Why does this C++ code work? Stack memory and pointers

Question

Here is some C++ code.

#include <iostream>
using namespace std;

class test{
    int a;
  public:
    test(int b){
    a = b;
    cout << "test constructed with data " << b << endl;
  }
  void print(){
    cout << "printing test: " << a << endl;
  }
};

test * foo(){
    test x(5);
    return &x;
}

int main()
{
    test* y = foo();
    y->print();
    return 0;
}

Here is its output:

test constructed with data 5
printing test: 5

My question: Why does the pointer to x still "work" outside of the context of function foo? As far as I understand, the function foo creates an instance of test and returns the address of that object.

After the function exits, the variable x is out of scope. I know that C++ isn't garbage collected- what happens to a variable when it goes out of scope? Why does the address returned in foo() still point to what seems like a valid object?

If I create an object in some scope, and want to use it in another, should I allocate it in the heap and return the pointer? If so, when/where would I delete it

Thanks

Answer 1

x is a local variable. After foo returns there's no guarantee that the memory on the stack that x resided in is either corrupt or intact. That's the nature of undefined behavior. Run a function before reading x and you'll see the danger of referencing a "dead" variable:

void nonsense(void)
{
    int arr[1000] = {0};
}

int main()
{
    test* y = foo();
    nonsense();
    y->print();
    return 0;
}

Output on my machine:

test constructed with data 5
printing test: 0

Answer 2

When a variable goes out of scope, the destructor is called (for non POD data) and the location occupied by that variable is now considered unallocated, but the memory isn't actually written, so the old value remains. This doesn't mean that you can still safely access this value because it resides in a location marked as 'free'. New variables can reside or allocation can occur in this memory space.
The reason why the memory isn't erased is because you can't actually erase memory, what you could do is write something to it like all zeros or all ones or random, which is not only pointless, but performance-degrading.
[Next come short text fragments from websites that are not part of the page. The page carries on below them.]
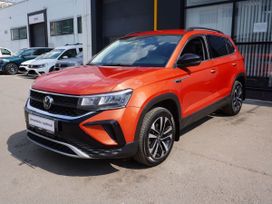 Volkswagen Taos
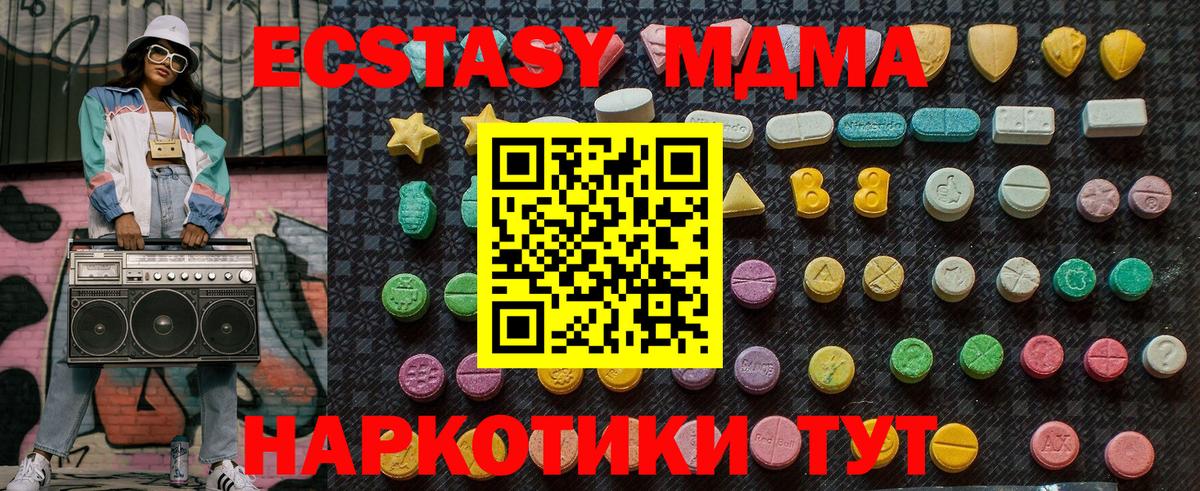 МДМА молли Десногорск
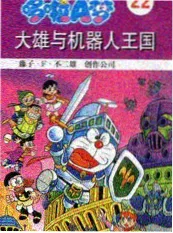 午夜档案馆 综艺海报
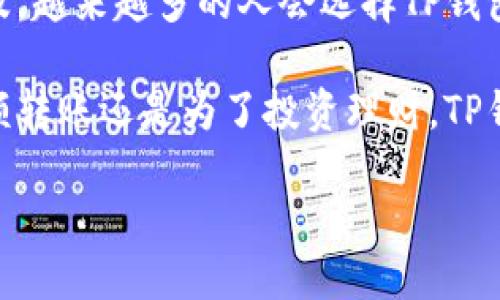 t p钱包可以互转吗/t

TP钱包, 数字货币, 互转/guanjianci

什么是TP钱包？

TP钱包，作为一款流行的数字货币钱包，已逐渐成为市场上的热门选择。它不仅支持多种数字货币的存储和管理，还具备良好的用户体验和安全性。对于越来越多的用户来说，TP钱包的使用不仅是一种理财方式，更是一种生活的态度和方式。想象一下，数字币的瞬息万变，以及与朋友间进行资金转账的便利，无疑让我们的生活得到了极大的丰富和便利！

TP钱包的基本功能

TP钱包的核心功能包括资产管理、交易记录查看、以及多链支持等。简而言之，它让用户能够轻松地管理自己的数字资产，无论是比特币、以太坊还是其他山寨币，都能在一个平台上找到。这个钱包简化了用户的操作，让更多人可以体验到数字货币交易的乐趣。

而且，TP钱包不仅可以进行资产的存储和转账，更有安全性极高的私钥管理，让用户的资产安全有保障！想想看，当你看到钱包中数字资产飞速增长的那一刻，心中的激动真是无与伦比！

关于TP钱包之间的转账

那么，用户们关心的一个问题便是：TP钱包之间可以互转吗？答案是肯定的！TP钱包是设计用于方便用户之间直接转账的。得到数字资产后，通过TP钱包进行简单几步操作便能轻松实现资金的转移。

具体来说，你只需进入TP钱包的转账页面，输入接收方的钱包地址与转账金额，就能够快速实现转账。多么令人振奋的操作！更重要的是，这个过程快速而无缝，几乎可以立即在区块链上确认，让你随时可以把钱转给朋友或者进行交易！

需要注意的事项

尽管TP钱包支持互转，但在使用过程中，用户们需要注意几个方面。首先，确保你输入的接收方钱包地址准确无误。一次小小的输入错误可能导致资金的丢失，这是数字货币转账中最常见的失误！通过验证地址、使用二维码等方式来避免这一问题，才能让转账更加安全。

其次，及时关注网络的拥堵情况。如果网络繁忙，转账的确认时间可能会延长。在此情况下，用户应耐心等待，以免因急切而出现错误。此外，仔细阅读转账时的手续费信息，理解手续费的必要性及合理性，才能避免出现不可预知的损失。

TP钱包的安全性与便捷性

说到TP钱包的安全性，它采用了多层加密机制，确保用户的资产不会受到外部攻击。此外，用户还可以通过私钥与助记词的备份来保障资产的安全。想象一下，当你知道自己有着强大的安全防护，内心是如何的踏实和安心！

在便捷性方面，TP钱包的设计让人印象深刻。其界面友好，符合用户的使用习惯，即使是首次体验的用户，也能快速上手。此外，钱包内提供的各种功能，比如一键转换、实时汇率查询等，进一步提升了用户体验。

总结

综上所述，TP钱包无疑是数字货币爱好者的一大利器。它不仅能实现用户之间方便快捷的互转，还具备较高的安全性和用户友好的界面操作。随着数字货币的普及，越来越多的人会选择TP钱包来管理他们的资产，而TPS移转功能的灵活性将进一步提升用户间的交流与合作！

在这个数字货币的时代，掌握TP钱包这样一种工具，不仅能够帮助你更好地投资和理财，还能为你的朋友之间的互动增添乐趣与便捷。无论是为了日常生活的小额转账还是为了投资理财，TP钱包都能满足你的需求！其中所带来的无数可能性与惊喜，真的令人期待不已！

未来的世界会更加依赖数字货币，而TP钱包正是这场变革中不可或缺的一部分！你准备好迎接未来的挑战了吗？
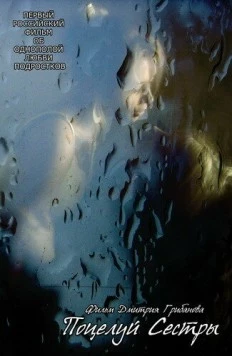 Постер: Поцелуй сестры (2007)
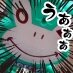 B型(RH+)で水瓶座で火星人(-)でペガサスで、ごはんを食べればたいがいのことは乗り切れるタイプな人生のフリーランサーです。タブラボンゴあるあるをトゥギャっています。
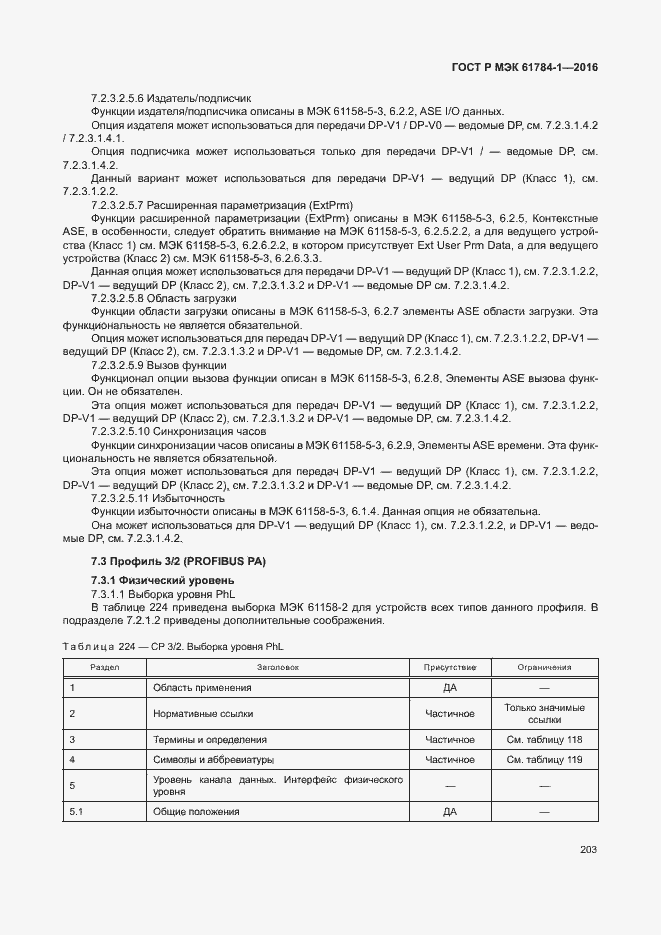 Страница 208 ГОСТ Р МЭК 61784-1-2016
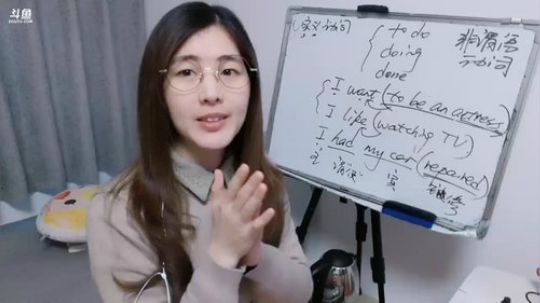 娜娜：地道英语~基础-动词+易错~ 2019-03-14 11点场
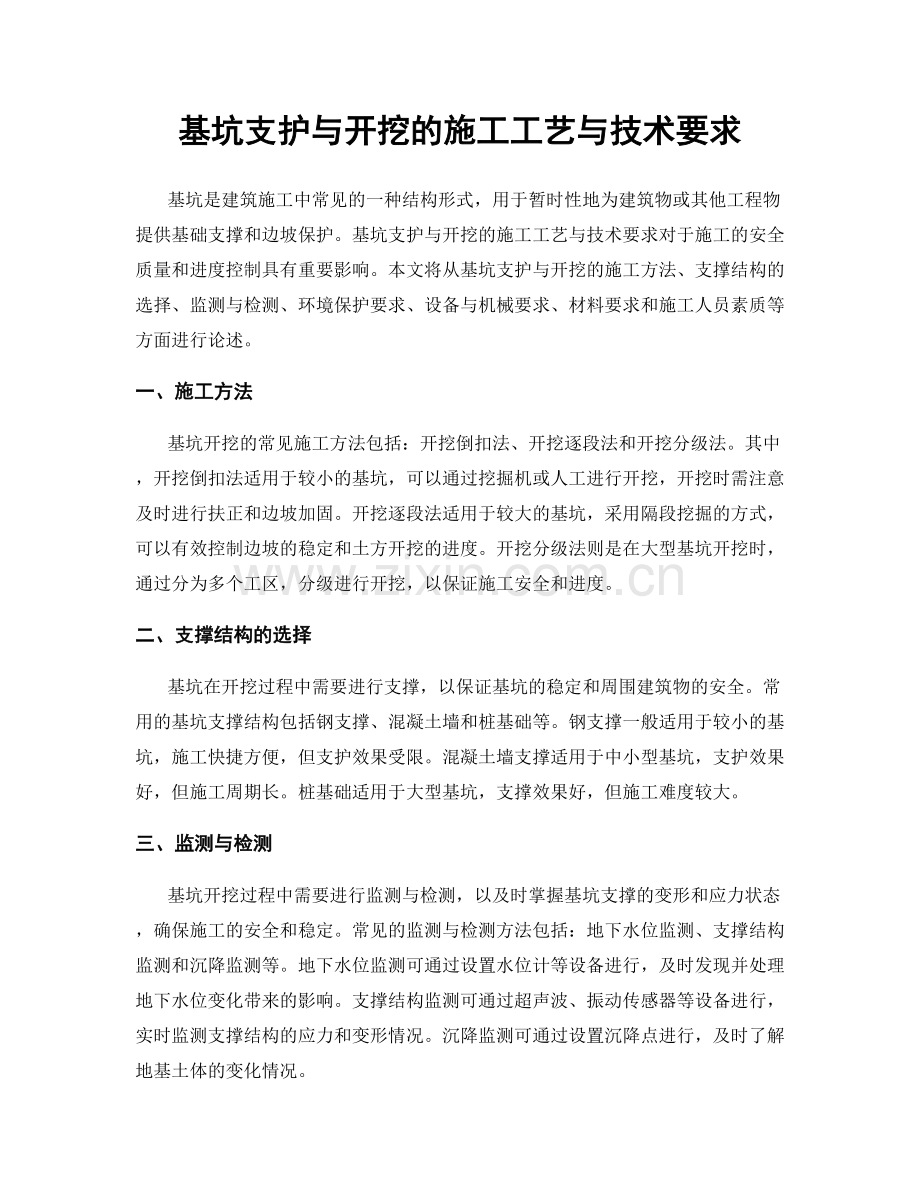 基坑支护与开挖的施工工艺与技术要求.docx_第1页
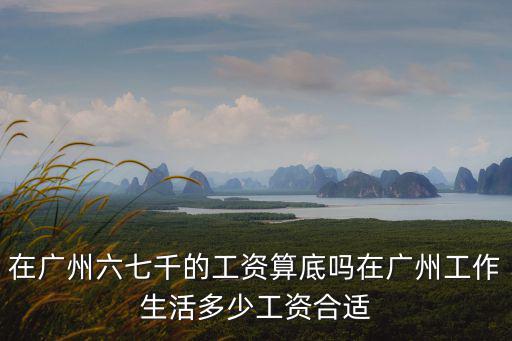廣州工資多少算小康,月薪多少算小康
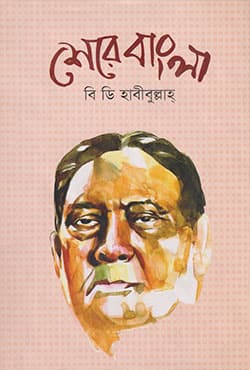 শেরে বাংলা (হার্ডকভার) | Shere Bangla (Hardcover)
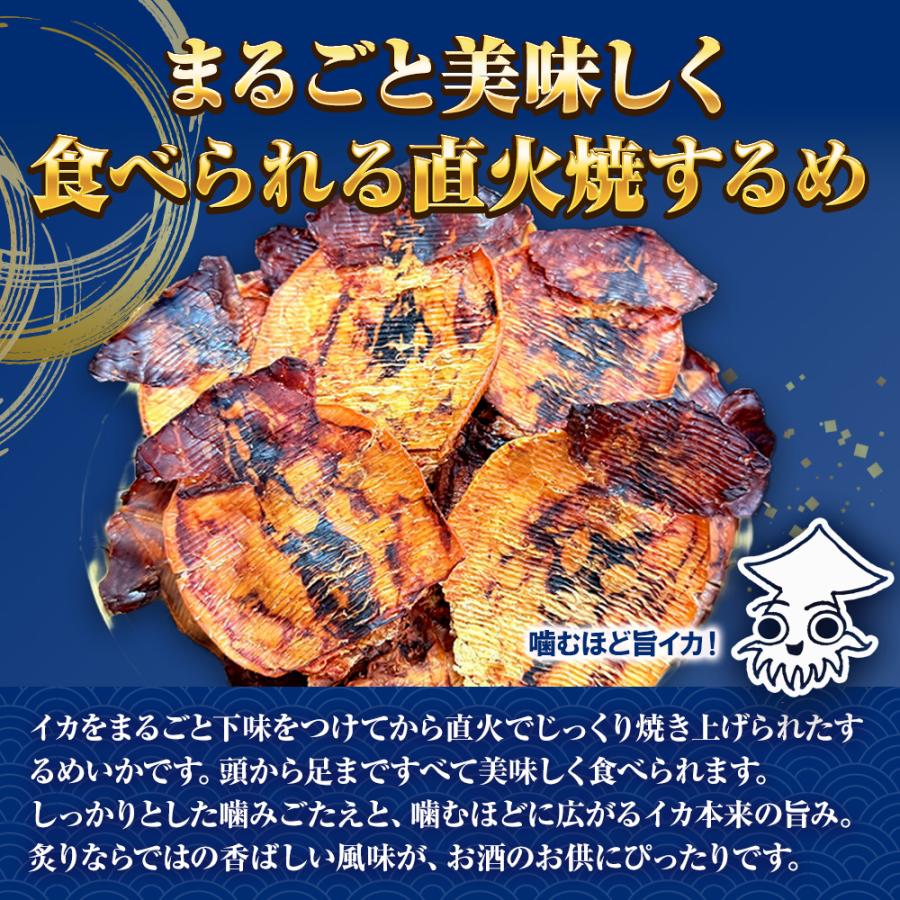訳あり するめ姿焼き 120g  するめ スルメ 姿焼き いか イカ 烏賊 いか 炙りするめ 1000円ポッキリ あたりめ 母の日 父の日 敬老 中元 ギフト | おさかな問屋 魚奏 | 05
It has nothing to do with garbage-collection. A garbage collector doesn't "erase" memory, but marks it as being free. The reason why the behaviour you described exists in C and not in Java for instance is not the garbage-collector, but the fact that C lets you access via pointers any memory you want, allocated or not, valid or not, and Java doesn't (To be fair the garbage collector is a reason why Java can make so that you can't access any memory).

An analogy can be made with what happens on disk when you delete a file. The file contents remain (they are not overwritten), but instead pointers (handles) in the file system are modified so that that memory on the disk is considered free. That's why special tools can recover deleted files: the information is still there until something new writes over it, and if you can point to it you can obtain it. Is almost the same thing with pointers in C. Think what would it mean to actually write 4GB on disk every time you delete a 4GB file. There is no need to write in memory for each variable that goes out of scope the entire size of that variable. You just mark it's free.